I've seen claims (not from the zig team) that zig has 'complete spatial memory safety'. I suspect this is based on misreading earlier versions of this article where I used 'spatial safety' and 'temporal safety' as the names of the two groups above. I don't know of any formal definition of 'complete spatial memory safety', but any reasonable definition would surely be violated by the interior pointer example above.

How do these differences in mitigations actually translate to numbers of bugs?

In materialize we wrote ~140kloc of rust in the first 14 months while growing the team from ~3 to ~20 people. It's a complex system with high demands on both throughput and latency. We reached that point with (IIRC) only 9 unsafe blocks, all of which were in a single module and existed to work around a performance bug in the equivalent safe api. Despite heavy generative testing and fuzzing, we only discovered one memory safety bug (in the unsafe module, naturally) which was easy to debug and fix.

By comparison, in several much smaller and much simpler zig codebases where I am the only developer, I run into multiple memory safety bugs per week.
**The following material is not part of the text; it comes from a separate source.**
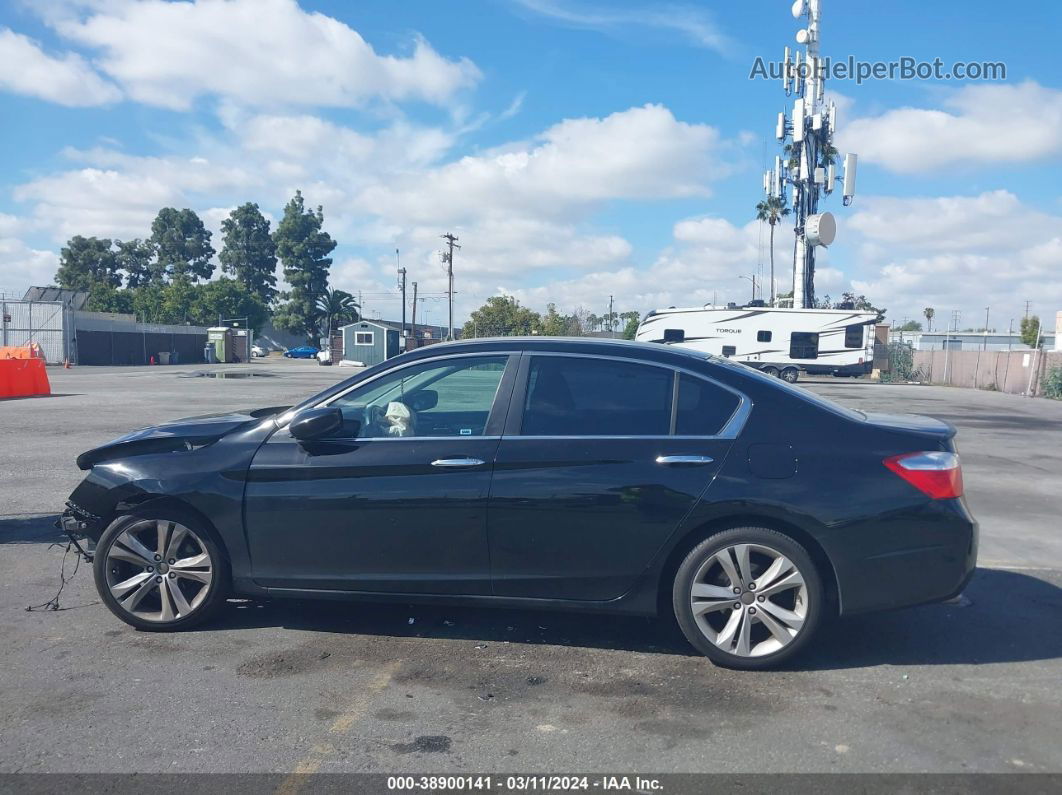 2015 Honda Accord Sport Черный vin: 1HGCR2F55FA000520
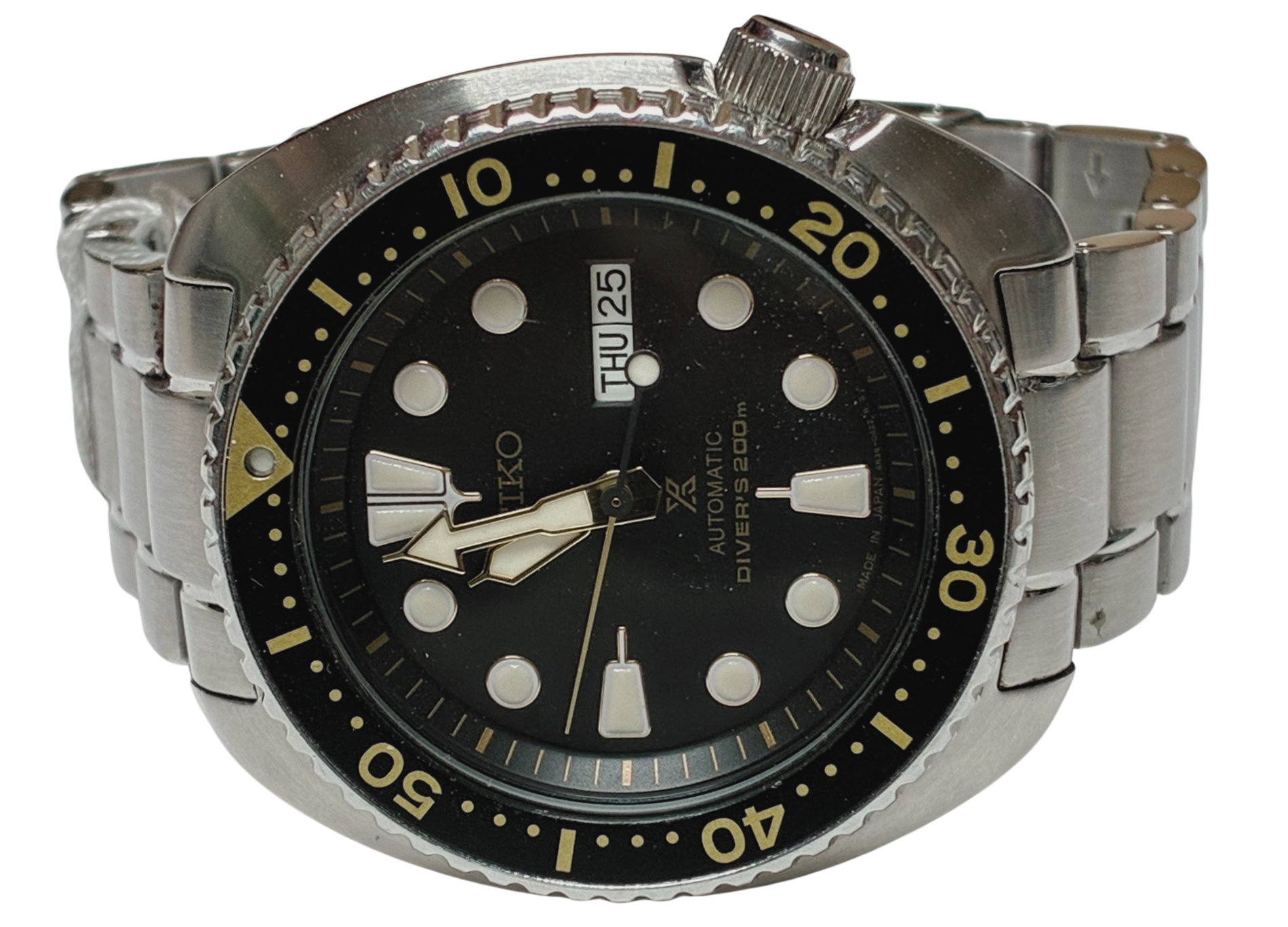 Seiko SRP775K1 Automatic Diver Stainless Steel 45mm Day Date Watch Secondary image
This isn't a perfect comparison, because my throwaway research projects in zig are not written carefully (=> more bugs added) but are also not tested thoroughly (=> fewer bugs detected). But it does make me doubt my ability to ship secure zig programs without substantial additional mitigations.

In at least one of those codebases, the memory safety bugs are outnumbered 20:1 by bounds-check panics. So I assume that if I wrote that same project in idiomatic c (ie without bounds checks) then I would encounter at least 20x as many memory safety bugs per week.

In an older version of this article I tried to use CVE reports to guesstimate how many CVEs would have been prevented by using zig instead of c or c++. This involved far too much guesswork to be informative so I have removed it.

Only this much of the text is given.